Work instruction. Quote the records beneath, complete and exact. Leave out images.

Supplied records.
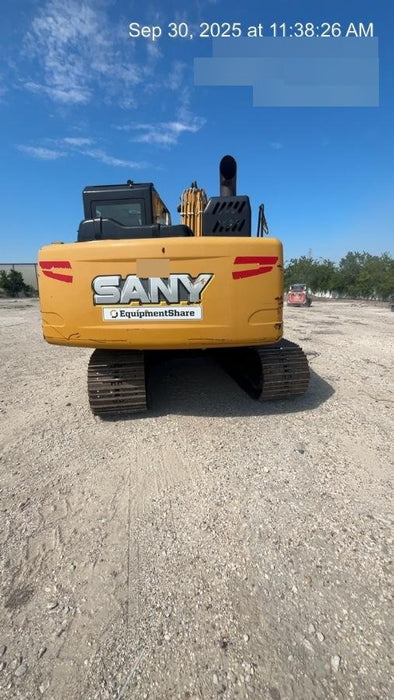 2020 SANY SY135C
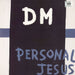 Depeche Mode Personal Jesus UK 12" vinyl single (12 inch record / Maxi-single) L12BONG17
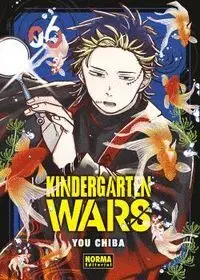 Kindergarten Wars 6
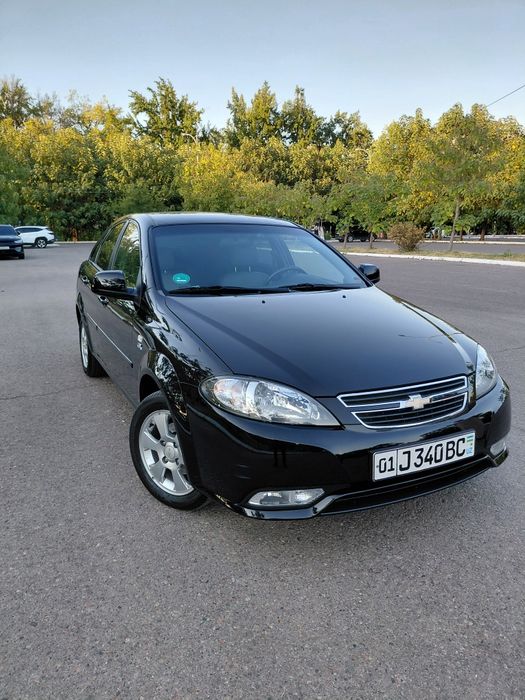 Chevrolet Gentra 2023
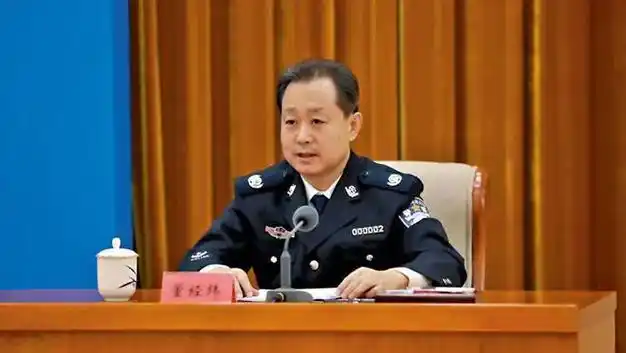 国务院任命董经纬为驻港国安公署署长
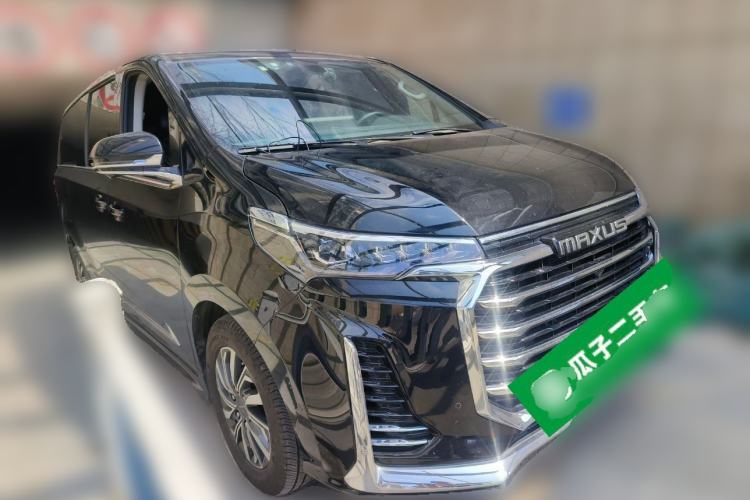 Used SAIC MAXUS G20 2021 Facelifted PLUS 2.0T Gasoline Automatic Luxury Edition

The completed task.
 2020 SANY SY135C
 Depeche Mode Personal Jesus UK 12" vinyl single (12 inch record / Maxi-single) L12BONG17
 Kindergarten Wars 6
 Chevrolet Gentra 2023
 国务院任命董经纬为驻港国安公署署长
 Used SAIC MAXUS G20 2021 Facelifted PLUS 2.0T Gasoline Automatic Luxury Edition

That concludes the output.